Analog role-playing games (tabletop role-playing games like Dungeons & Dragons, larps [live action role-play], etc) provide opportunities for formative and educative experiences for players. The game’s elements of role-play demand a level of imagination, participatory commitments, self-reflection, creative problem solving, and collaboration from players that most leisure activities do not. This proposed volume will focus on analog role-playing games and their educative capabilities. We are interested in how people learn and are formed by these games, both in and outside of formal educational environments. The volume seeks to examine how these games do (or do not) facilitate educative growth both through theorizing as well as concrete analysis of practice. Both theoretician-oriented and practitioner-generated pieces are welcome, but all pieces should seek to examine broader themes and questions around education, knowledge, and growth through the lens of analog RPGs.
The editor gladly invites proposals for chapter submissions on, but not limited to, the following topics:
Theories of education, knowledge, and pedagogy in analog role-playing games:
- RPGs and theories of learning, construction of knowledge
- RPGs and experiential/active learning
- RPGs and vicarious experience
- Bleed and education
- RPGs and civic / democratic education
- The role of AI in RPG play
Analog role-playing games and education broadly through:
- Education around conceptions of race, gender, sexuality, neurodivergence, etc
- Social participation, group membership, social mores
- Conflict resolution and violence in games
- Identity formation and self-discovery
- Transgressive play and education
- Consent practices and boundary setting
- RPGs and depictions of colonialism and exotification
Challenges/Benefits of utilizing RPGs in formal educational settings in regards to:
- RPGs and critical thinking, literacy, social emotional learning, etc
- RPGs and neurodivergent students
- RPGs as distinct from simulations or case studies
- RPGs and math education
- “The dice tell a story” - RPGs and data visualization
- Ethics of usings RPGs in the classroom, especially when dealing with sensitive or controversial subject matter
- Challenges around time management, assessment, and participation
- Considerations/Benefits when using RPGs with specific populations (i.e. children, seniors, ESL, etc)

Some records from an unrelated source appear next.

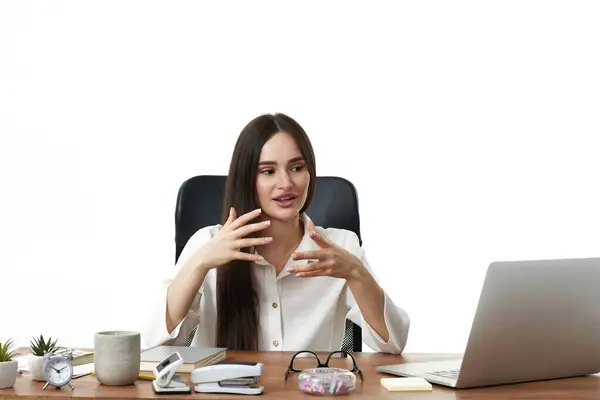 Güzel Kadını Ofiste Müşteriyle Görüntülü Konuşma Yapıyor — Stok fotoğraf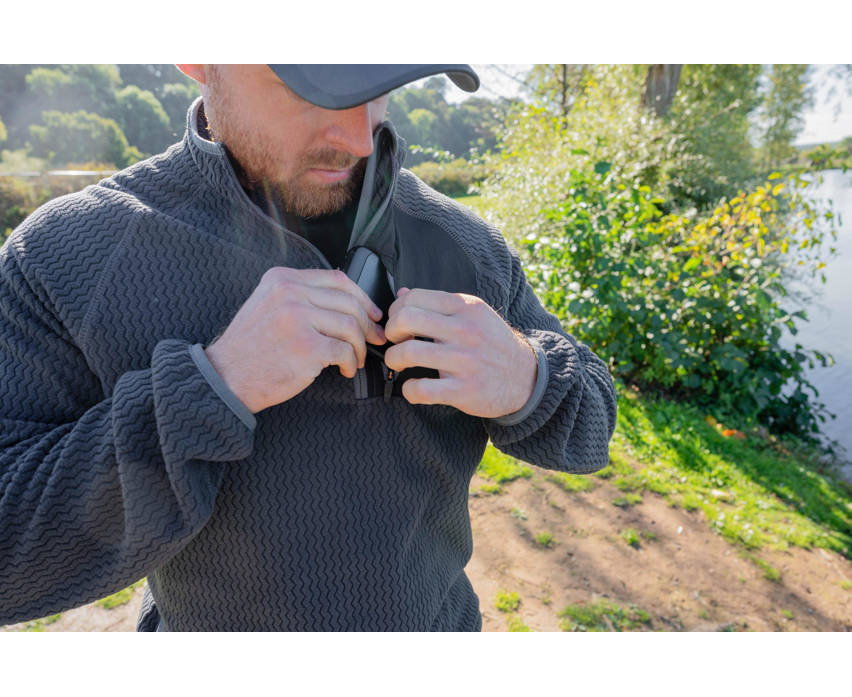 CORE COLLECTION ZIG ZAG FLEECE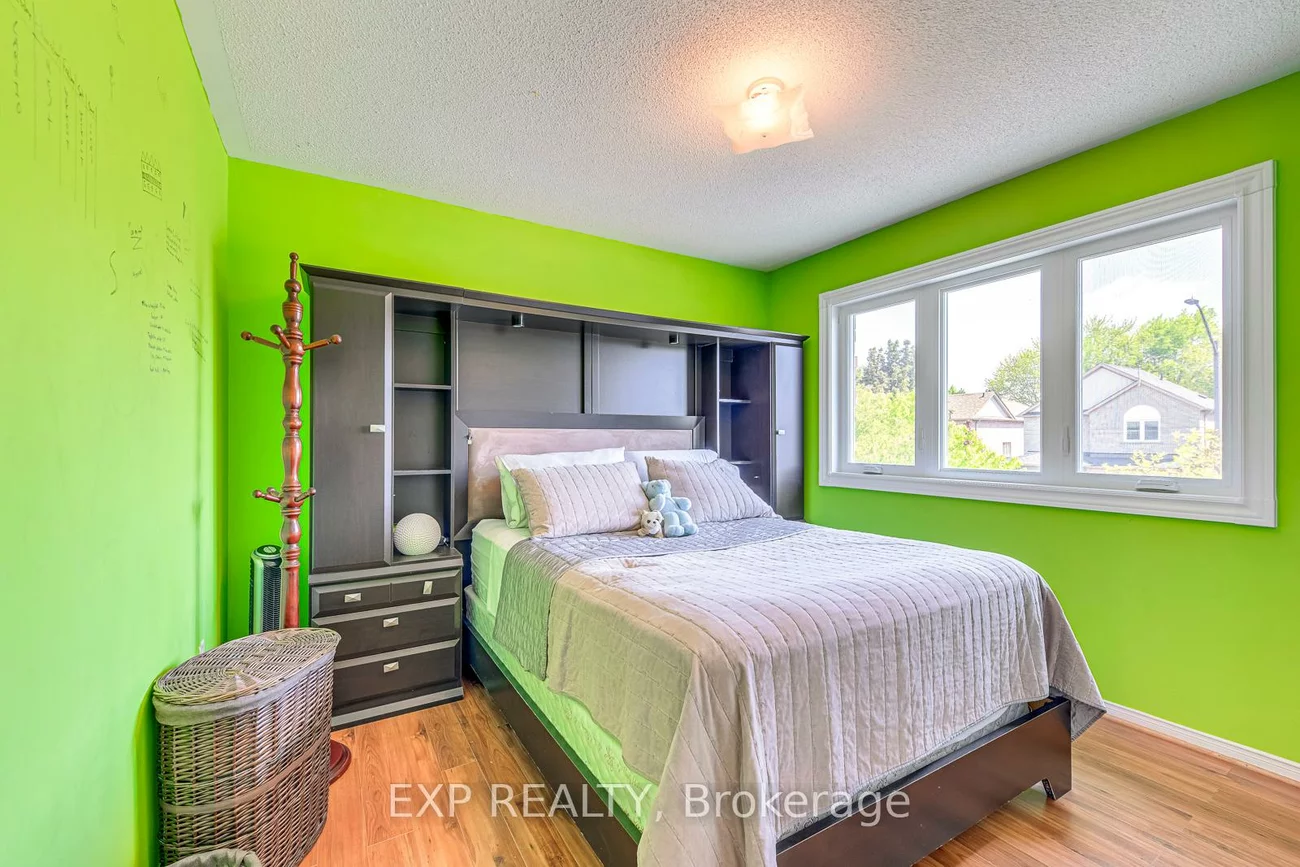 7228, Pallett, Meadowvale Village, Mississauga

- Pre and post game practices & reflection
- RPG practices of consent as practiced in a classroom
- Teacher as GM / GM as Teacher
Interested authors should send chapter abstracts of 250-500 words (excluding sources cited), a paragraph author biography, and a CV or resume to educationrpgpedagogy@gmail.com.
The call for chapters ends July 1st, 2024. Authors will be notified of accepted proposals on July 15th, 2024. Authors will submit their accepted chapters of a minimum of 4500 words in length by October 1st, 2024.
All contributors should engage with the existing academic literature on role-playing games. While the editors will not prescribe particular sources or methodologies, proposals should reflect acquaintance with current scholarship on role-playing games.
The project will be submitted for consideration as part of the Education and Popular Culture series. The series is unique as it equally values practitioner-generated pieces on using mass/popular culture as it does theoretician-oriented pieces on studying mass/popular culture, as well as works that exist in the intersections between these worlds. Works in this series take up issues surrounding popular culture in education broadly through pedagogical, historical, sociological, and critical lenses.